From mboxrd@z Thu Jan  1 00:00:00 1970
From: Ben Hutchings <bhutchings@solarflare.com>
Subject: Re: [PATCH net-next 0/2] 802.1ad S-VLAN support
Date: Tue, 8 Nov 2011 00:16:33 +0000
Message-ID: <1320711393.3020.89.camel@bwh-desktop>
References: <1320512055-1231037-1-git-send-email-equinox@diac24.net>
	 <1320678704.3020.33.camel@bwh-desktop>
	 <20111107154857.GC1833899@jupiter.n2.diac24.net>
	 <1320701749.3020.70.camel@bwh-desktop>
	 <20111107230710.GF1833899@jupiter.n2.diac24.net>
Mime-Version: 1.0
Content-Type: text/plain; charset="UTF-8"
Content-Transfer-Encoding: 7bit
Cc: netdev <netdev@vger.kernel.org>
To: David Lamparter <equinox@diac24.net>
Return-path: <netdev-owner@vger.kernel.org>
Received: from exchange.solarflare.com ([216.237.3.220]:12101 "EHLO
	exchange.solarflare.com" rhost-flags-OK-OK-OK-OK) by vger.kernel.org
	with ESMTP id S1750871Ab1KHAQh (ORCPT
	<rfc822;netdev@vger.kernel.org>); Mon, 7 Nov 2011 19:16:37 -0500
In-Reply-To: <20111107230710.GF1833899@jupiter.n2.diac24.net>
Sender: netdev-owner@vger.kernel.org
List-ID: <netdev.vger.kernel.org>

On Tue, 2011-11-08 at 00:07 +0100, David Lamparter wrote:
> On Mon, Nov 07, 2011 at 09:35:49PM +0000, Ben Hutchings wrote:
> > On Mon, 2011-11-07 at 16:48 +0100, David Lamparter wrote:
> > > On Mon, Nov 07, 2011 at 03:11:44PM +0000, Ben Hutchings wrote:
> > > > We definitely need to think about how MTU/MRU are configured when
> > > > multiple VLAN tags are used, though I don't think it's essential to do
> > > > before this goes in.  To be slightly more blunt than your documentation,
> > > > our current handling of MTU/MRU and VLANs is a botch.
> [...]
> > >
> > > Yes, what i'd like to do is introduce a new field into struct netdevice
> > > that tracks the hardware Max Frame Size; it'd be a read-only field
> > > that's initialized once by the driver. (The field would only be used by
> > > ethernet-like devices.) To get things started easier, the field can have
> > > a default value like 0xffff, so if the driver doesn't set it we end up
> > > with the same old nothing-checked behaviour.
> [...]
> >
> > The driver for a physical device may still need to know the overall
> > MTU/MRU.  Certainly in case of hardware/drivers which do not support DMA
> > scatter we do not want the driver to allocate oversized buffers.  Also
> > some devices may partition internal FIFOs according to the MTU/MRU and
> > we should nto unnecessarily reduce the maximum number of packets that
> > can fit in those FIFOs.
> >
> > So I think that instead of propagating MFS down, we should propagate MTU
> > change requests up, but maintaining a distinction between the MTUs for
> > untagged and tagged (with different types) packets..
> 
> Hmm.

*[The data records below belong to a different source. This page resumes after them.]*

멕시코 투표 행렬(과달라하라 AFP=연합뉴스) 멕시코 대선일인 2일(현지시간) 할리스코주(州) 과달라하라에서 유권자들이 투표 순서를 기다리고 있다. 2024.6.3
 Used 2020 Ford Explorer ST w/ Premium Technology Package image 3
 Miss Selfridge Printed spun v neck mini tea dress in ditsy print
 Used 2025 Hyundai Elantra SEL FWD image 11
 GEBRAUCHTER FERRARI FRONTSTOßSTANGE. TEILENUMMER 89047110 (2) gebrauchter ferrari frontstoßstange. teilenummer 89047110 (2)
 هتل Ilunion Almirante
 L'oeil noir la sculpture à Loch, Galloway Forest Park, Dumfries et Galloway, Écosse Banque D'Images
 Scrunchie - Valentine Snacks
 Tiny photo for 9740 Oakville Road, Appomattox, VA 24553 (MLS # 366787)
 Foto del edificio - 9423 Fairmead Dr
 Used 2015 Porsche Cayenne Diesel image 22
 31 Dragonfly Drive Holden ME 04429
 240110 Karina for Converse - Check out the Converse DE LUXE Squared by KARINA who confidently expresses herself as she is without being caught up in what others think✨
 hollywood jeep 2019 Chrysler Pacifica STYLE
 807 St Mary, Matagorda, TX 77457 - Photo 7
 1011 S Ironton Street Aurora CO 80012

I think we need to cleanly separate MTU and MFS. MTU is used for
> upper layer stuff like setting TCP MSS, IP fragment size, etc.
>
> MFS is the actual ethernet thing, and it's quite independent from the
> MTU. Imagine the following example case:
> 
> subnet 1 has legacy 100 mbit hosts with 1514 byte limit. So it runs at
> MTU 1500. subnet 2 is used for SAN and has all-9216-equipment. We have a
> server connected with eth0 (9216 capable hw). The ethernet switch feeds
> subnet 1 untagged and subnet 2 tagged 1Q id 2 ("eth0.2").
> 
> The current code cannot handle this since if eth0 MTU = 1500, eth0.2
> cannot be set to 9200. (vlan_dev_change_mtu:
> 	if (vlan_dev_info(dev)->real_dev->mtu < new_mtu
> 		return -ERANGE;
> Note that raising eth0's MTU is wrong because now the box will send 9k
> IP packets to those poor 100mbit hosts... the only way around this would
> be to add MTU values to the routes for that subnet.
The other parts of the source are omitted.